Try it :: Repeat verbatim each line from the line with "Medical Lab Tech" to the end of the entries. Pictures do not belong in the copy.

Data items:

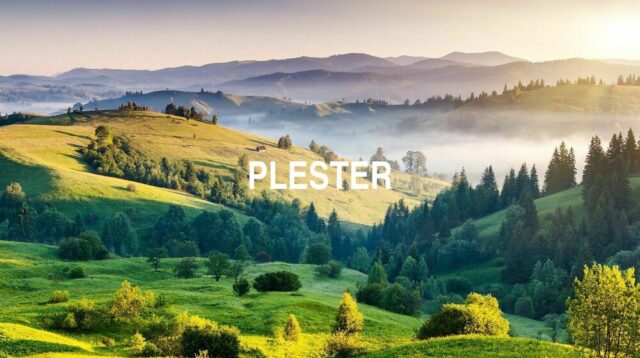 Arti Plester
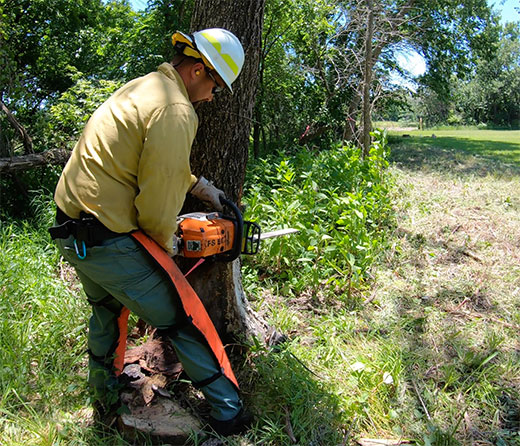Man wearing hard hat and chaps using a chainsaw to cut tree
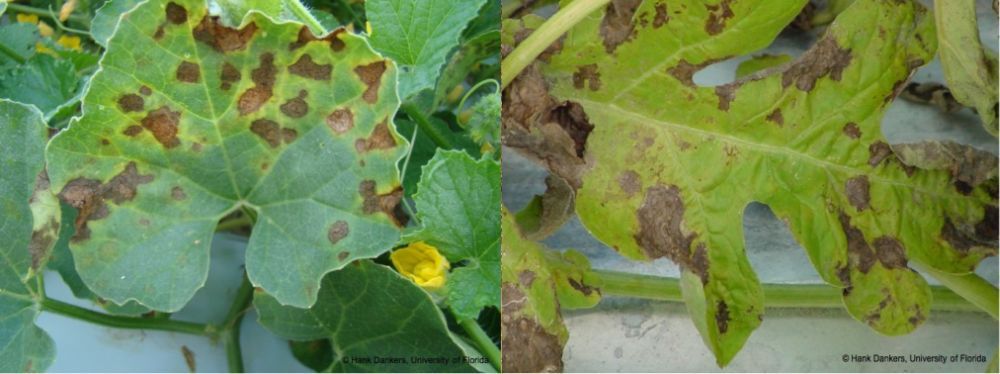 Figure 10. Brown, irregularly shaped lesions containing a concentric ring pattern can be seen on cantaloupe and watermelon leaf margins and interveinal areas with high moisture retention.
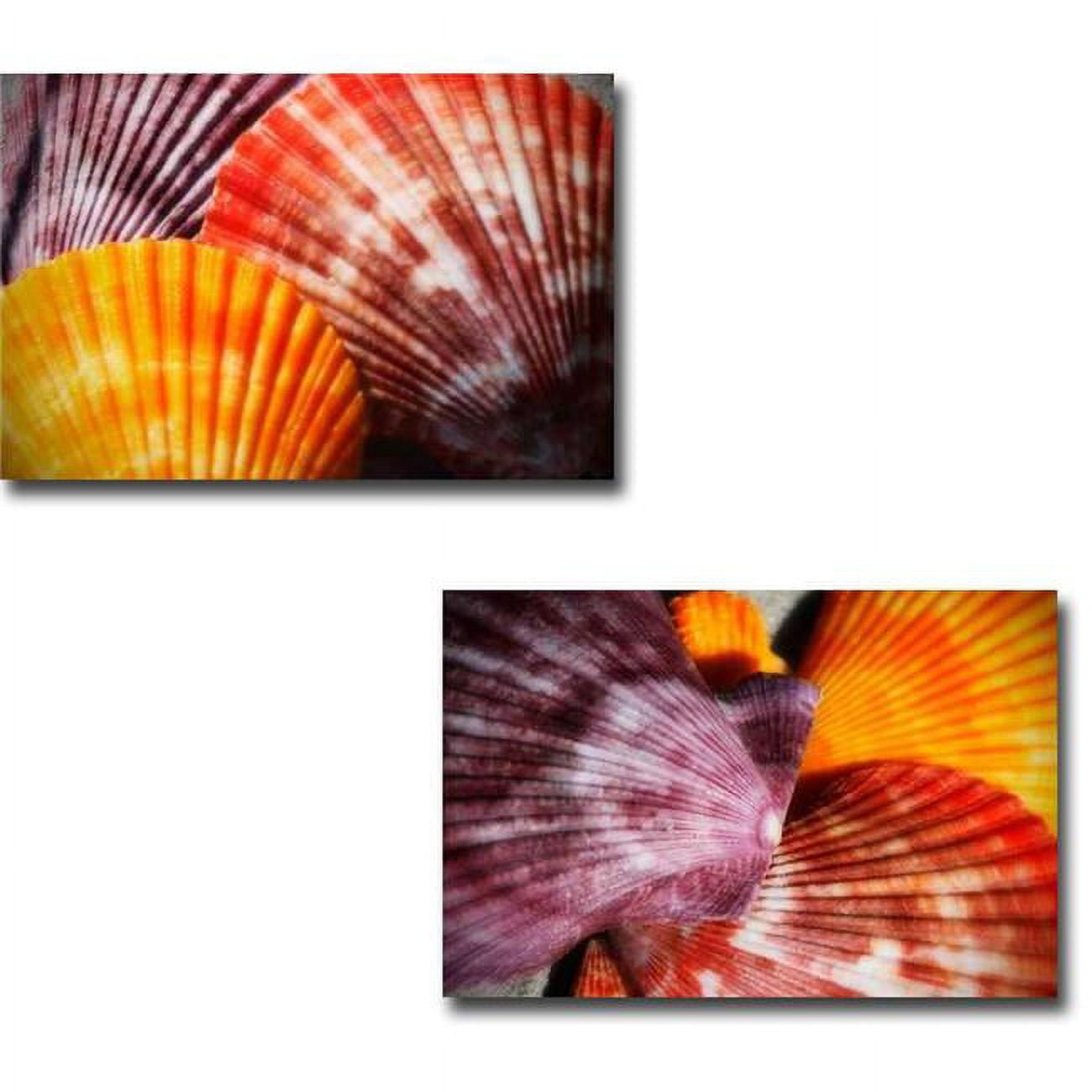 Scallops I & II by Alan Hausenflock Premium Gallery Wrapped Canvas Giclee Art Set - Ready-to-Hang, 16 x 24 x 1.5 in.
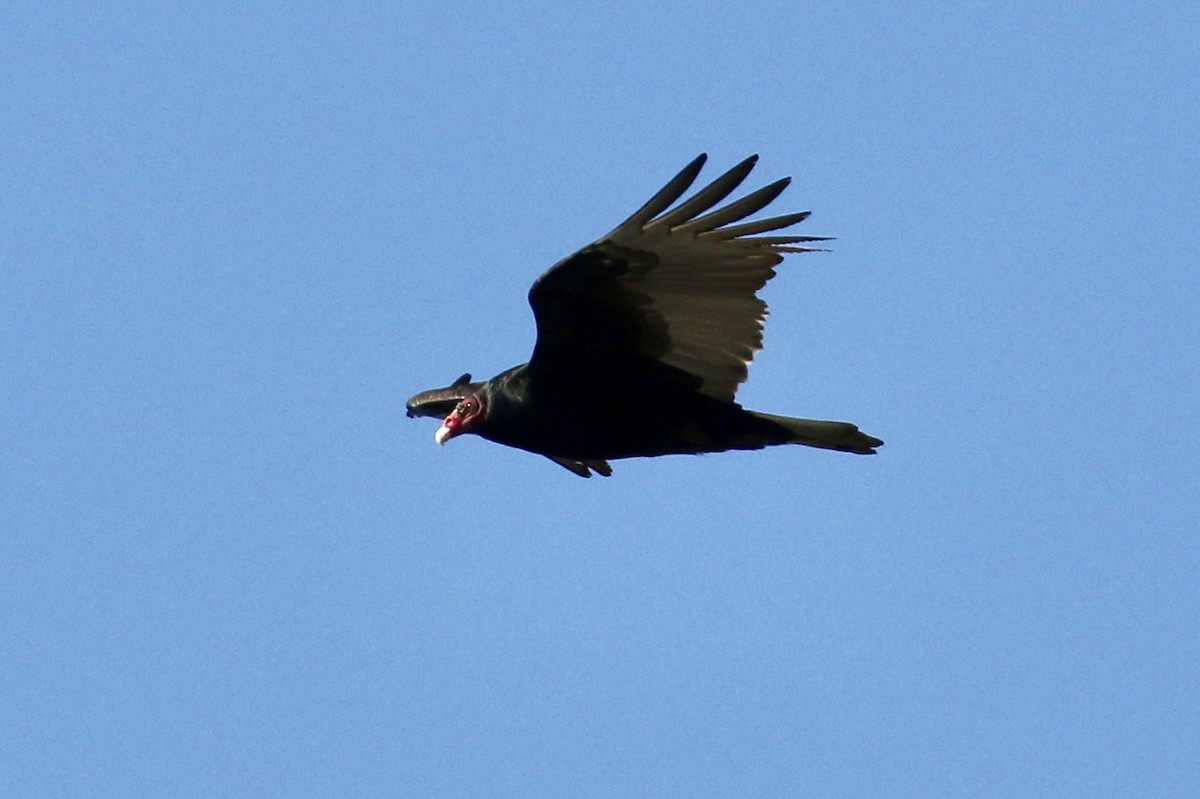 Urubu à tête rouge - ML85724791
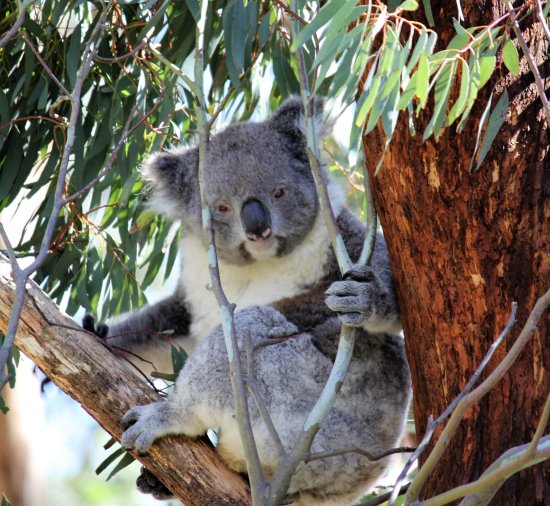 Koalas: All About the Marsupial Symbol of Australia - Expedition Wildlife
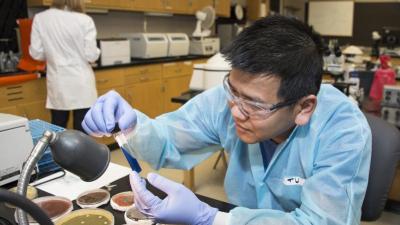 Medical Lab Tech student working with petri dishes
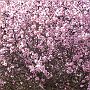 Blossom in the Lousi valley 4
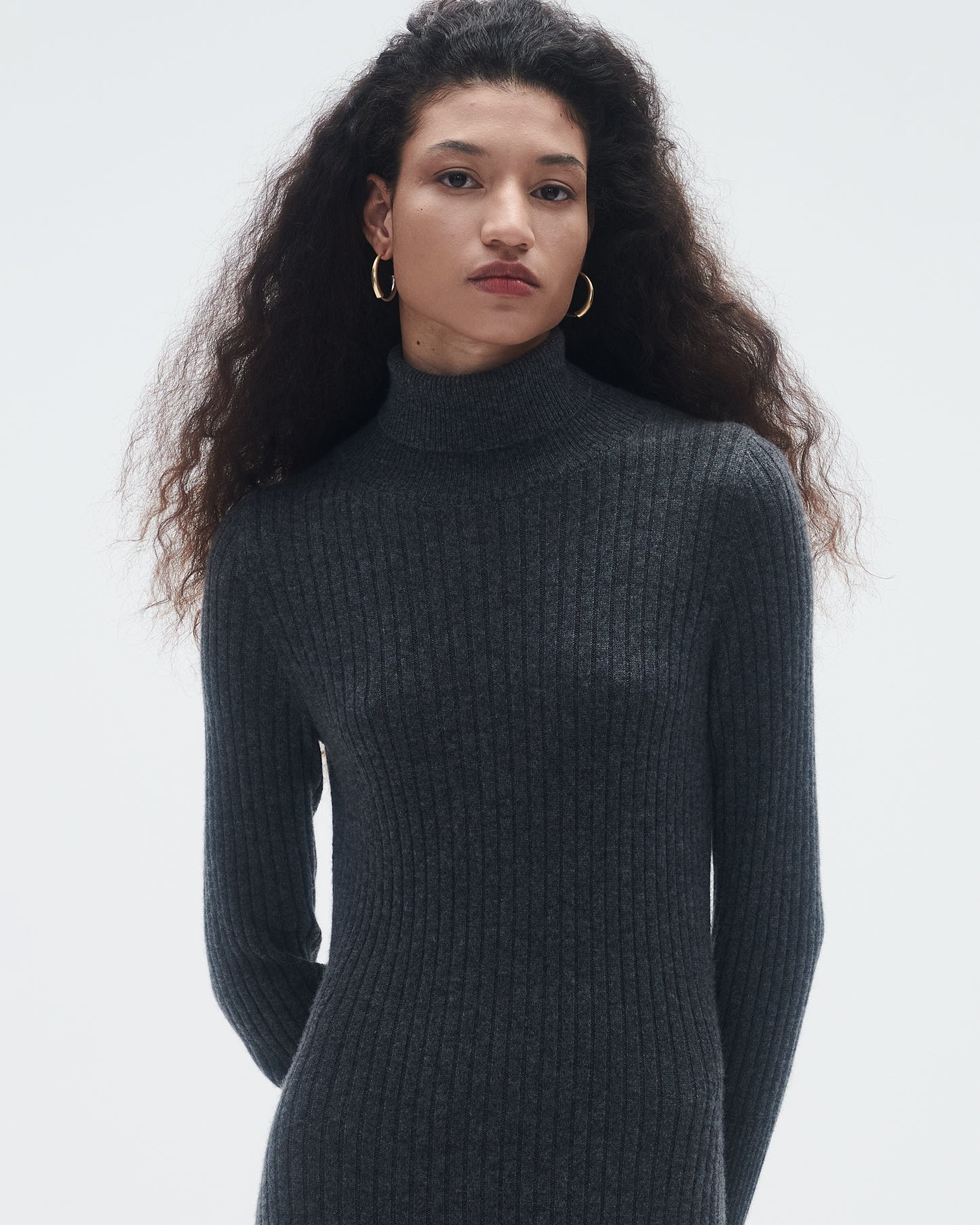 Wide Rib Turtleneck Dress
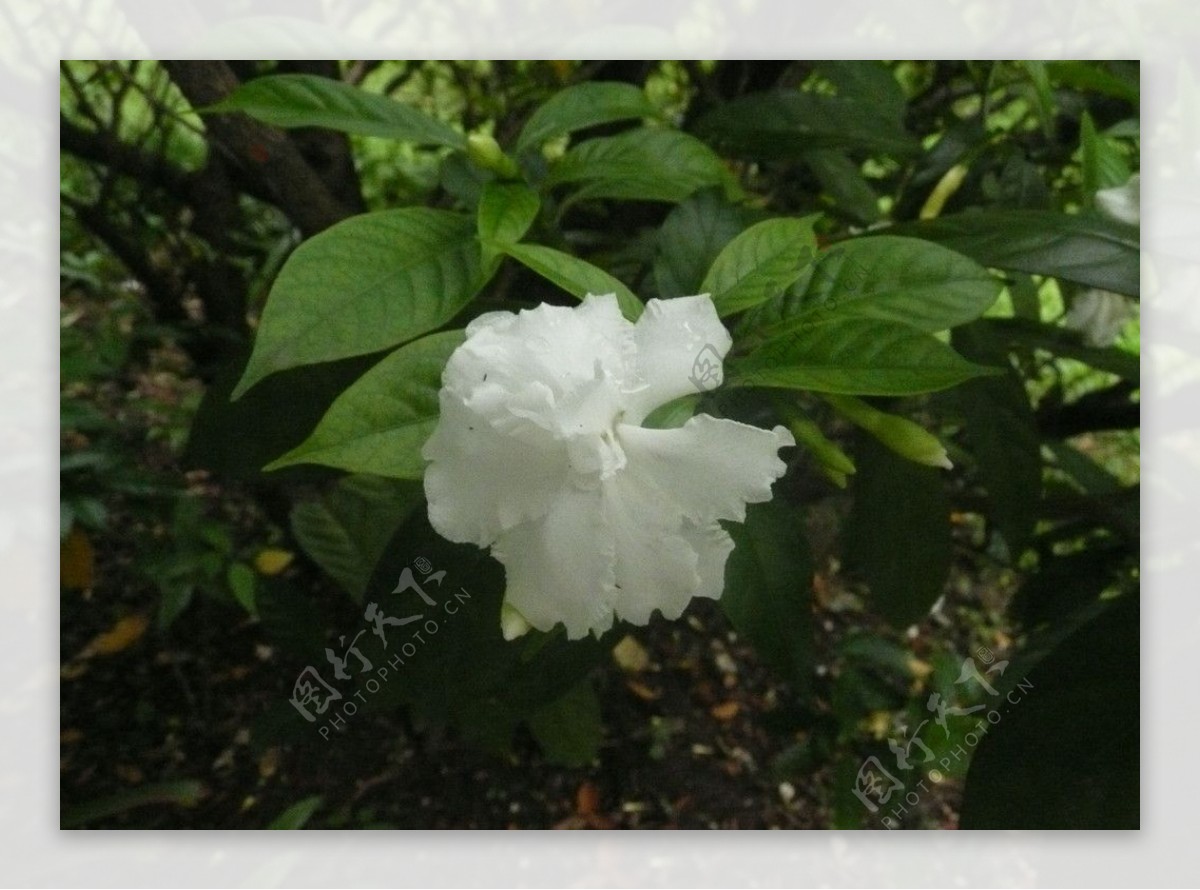 雨后花容图片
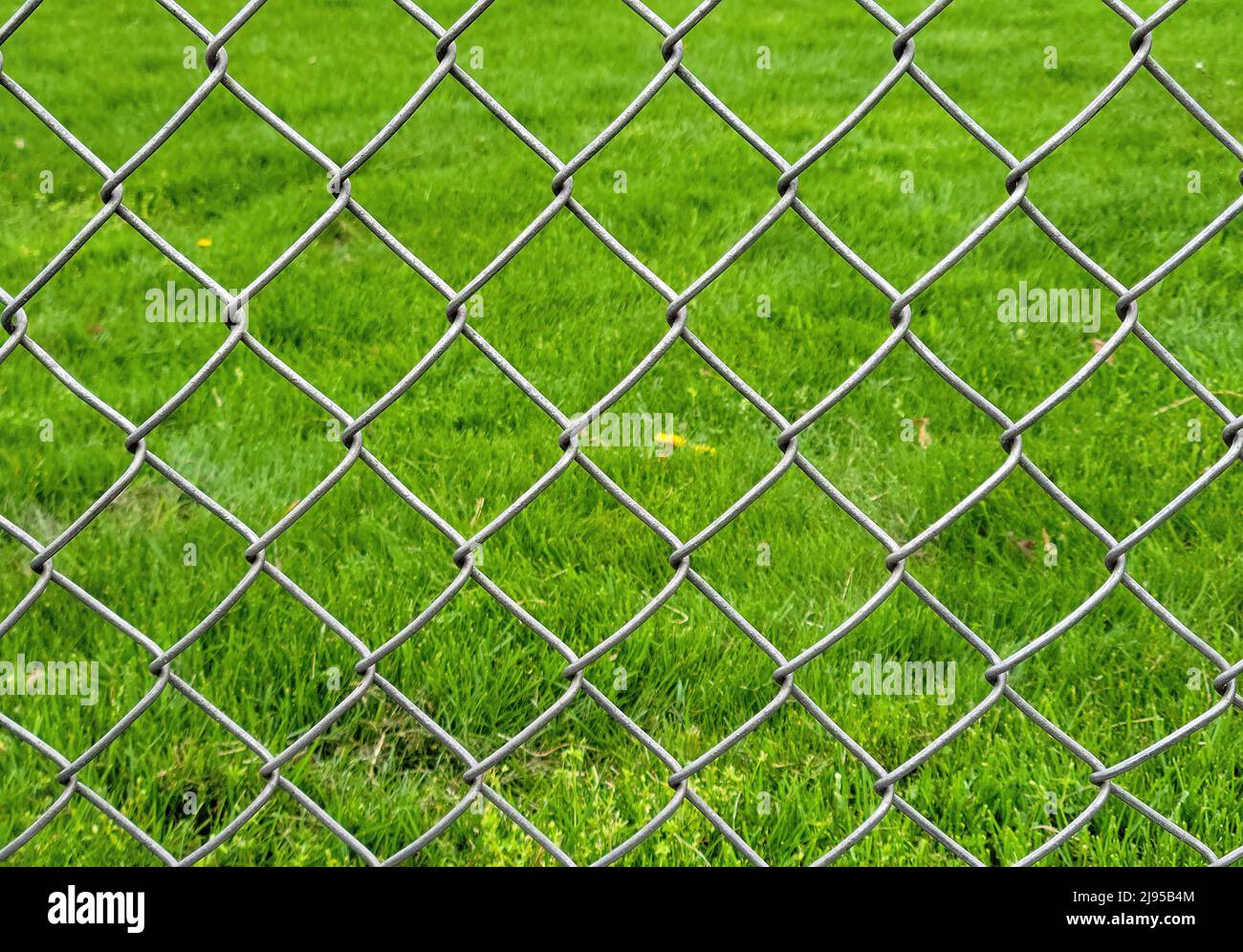 Leuchtend grünes Gras mit Kettengliederzaun-Muster Stockfoto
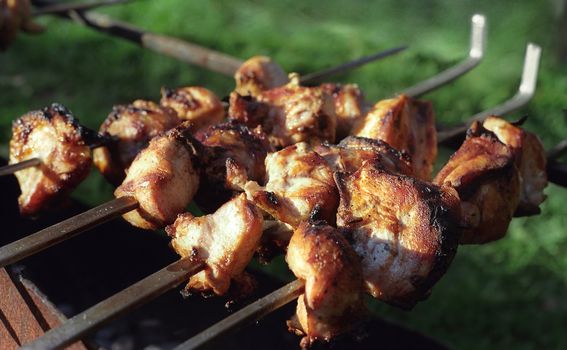 outdoor picnic; some pieces of meat broiled on a brazier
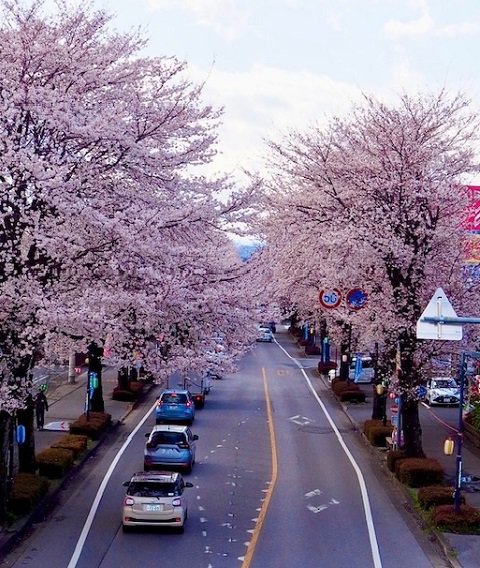 さくら歩道橋.jpg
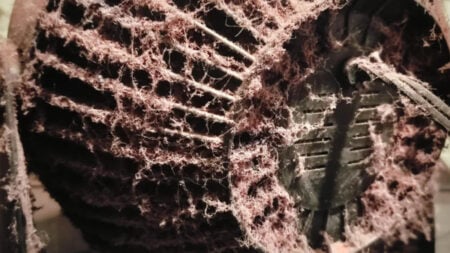 Minnesota Renter Reveals Roommate’s Filthy Fan Running 24-7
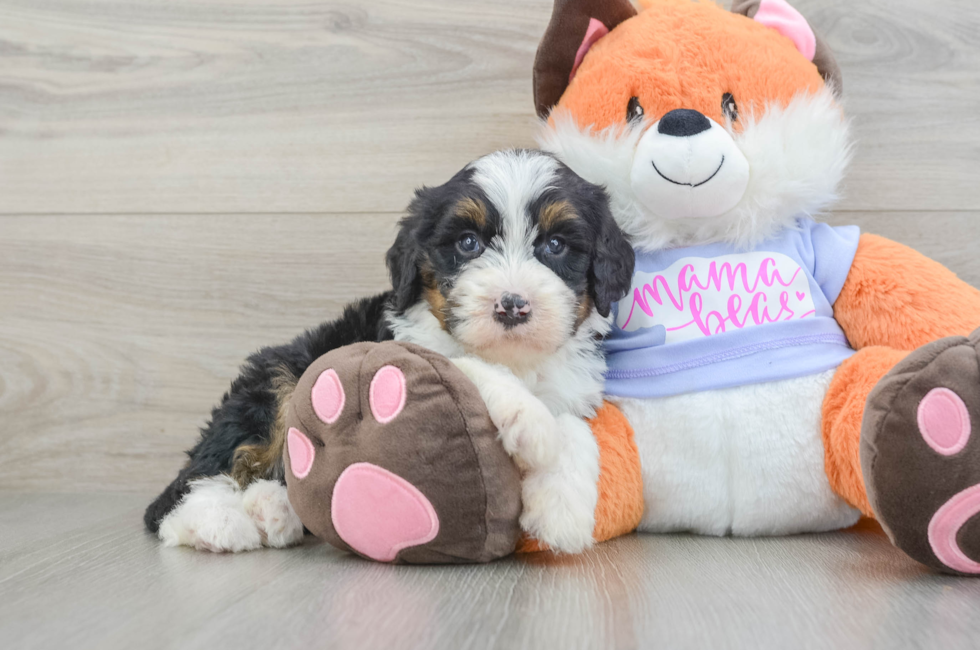 5 week old Mini Bernedoodle Puppy For Sale - Seaside Pups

Answer ::
 Medical Lab Tech student working with petri dishes
 Blossom in the Lousi valley 4
 Wide Rib Turtleneck Dress
 雨后花容图片
 Leuchtend grünes Gras mit Kettengliederzaun-Muster Stockfoto
 outdoor picnic; some pieces of meat broiled on a brazier
 さくら歩道橋.jpg
 Minnesota Renter Reveals Roommate’s Filthy Fan Running 24-7
 5 week old Mini Bernedoodle Puppy For Sale - Seaside Pups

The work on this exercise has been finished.